The City of Berkeley has an excellent police force, whose dedicated officers truly care about the community they serve. Over the past decade, crime rates in our city have dropped significantly, reflecting a national trend. However, this success has been tempered by an increase in the homeless population, which has diverted officer resources and left less time for patrols and special investigations. The Mayor understands that public safety is at the core of a thriving community and is committed to helping the Berkeley Police Department attract new officers.

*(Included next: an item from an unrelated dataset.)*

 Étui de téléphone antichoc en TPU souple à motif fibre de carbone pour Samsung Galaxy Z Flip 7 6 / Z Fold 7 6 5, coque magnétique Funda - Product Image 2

Strengthening Community Relationships
In 2014, the Mayor introduced legislation to outfit every BPD officer with a body camera as a way of increasing trust between police and residents, and adding transparency to police work. Body cameras have been shown to decrease misconduct and use of force incidents, and will be required whenever police engage in a traffic stop or have other interactions with residents. The Mayor also hopes that body cameras will reduce the racial disparities in police stops, searches and uses of force by the department identified in a 2016 report by the Center of Policing Equity, a non-partisan think tank.
Commitment to Restorative Justice
As part of his commitment to Berkeley’s young people, Mayor Arreguin is also working to expand restorative justice programs to divert young and non-violent offenders from the criminal justice system and give them a chance to learn from their mistakes. Our youth are our future and we must make sure that each and every one of them is given ample opportunity to succeed.